Is Iran embarking on a new mission to isolate Saudi Arabia?
Iran’s top diplomat Mohammad Javad Zarif will visit Kuwait and Qatar this weekend in an attempt to isolate Saudi Arabia following a landmark nuclear deal between Tehran and world powers many Arab countries believe is endangering their security.
The accord, struck on July 14, which proposes certain controls on Iran’s nuclear program in exchange for a lifting of wholesale crippling economic sanctions, is expected to form the basis of discussions during Zarif’s trip.

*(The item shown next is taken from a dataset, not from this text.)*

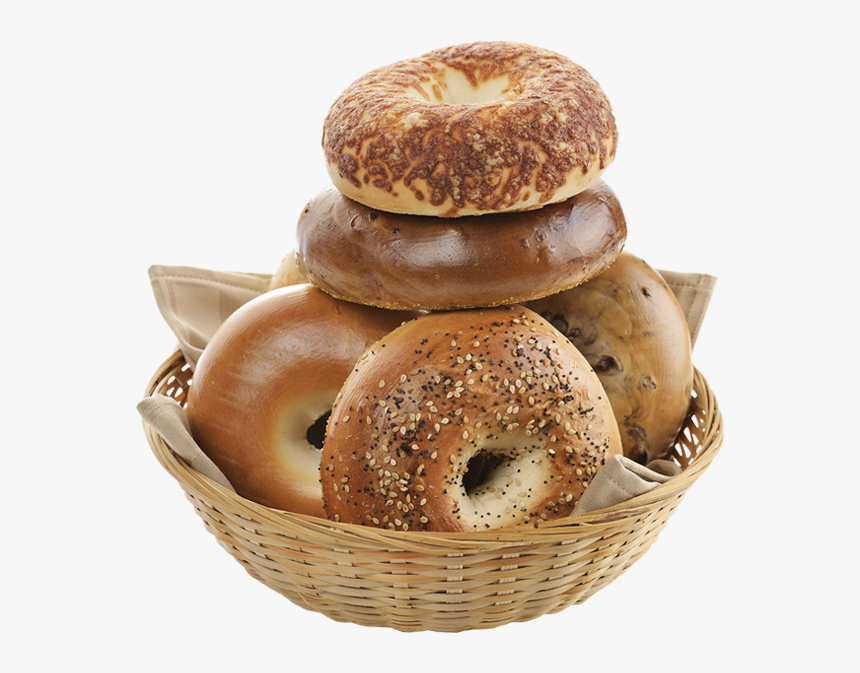 Bagels Png Image - Bagels Transparent Background, Png Download, Free Download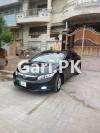 Honda Civic VTi Oriel Prosmatec 2013 For Sale in Sargodha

For Zarif to visit Kuwait and Qatar, but not Saudi Arabia, UAE, and Bahrain is demonstrative of a new strategy by Iran to divide and conquer the Gulf countries. The strategy may rest on the notion Iran must isolate Saudi Arabia in the region.
Saudi Arabia and Qatar do not particularly enjoy good relations while Saudi Arabia, Bahrain, and UAE are joined at the hip diplomatically speaking.
Gulf countries led by Saudi Arabia have been quick to voice concern over the agreement, which will see a progressive easing of international sanctions on Iran in place since 2006.
They fear the deal could bolster their Shiite-dominated adversary, which stands accused of interfering in countries such as Iraq, Syria and Yemen.
The Iranian foreign minister will return to Tehran next week where he will host talks with EU foreign affairs chief Federica Mogherini before meeting his French counterpart Laurent Fabius.
Yesterday, Nuri al-Maliki, vice president of Iraq, who is known for his sectarianism and obedience to Tehran, promoted the notion Saudi Arabia should be delivered to a trusteeship to be ruled. Translation: Tehran wants Makkah and Medina the two holiest places in islam.
His sectarian remarks stoked the fire between Saudi Arabia and Iraq at a time when Tehran is enjoying international cover for its terror.
AFP contributed to this article.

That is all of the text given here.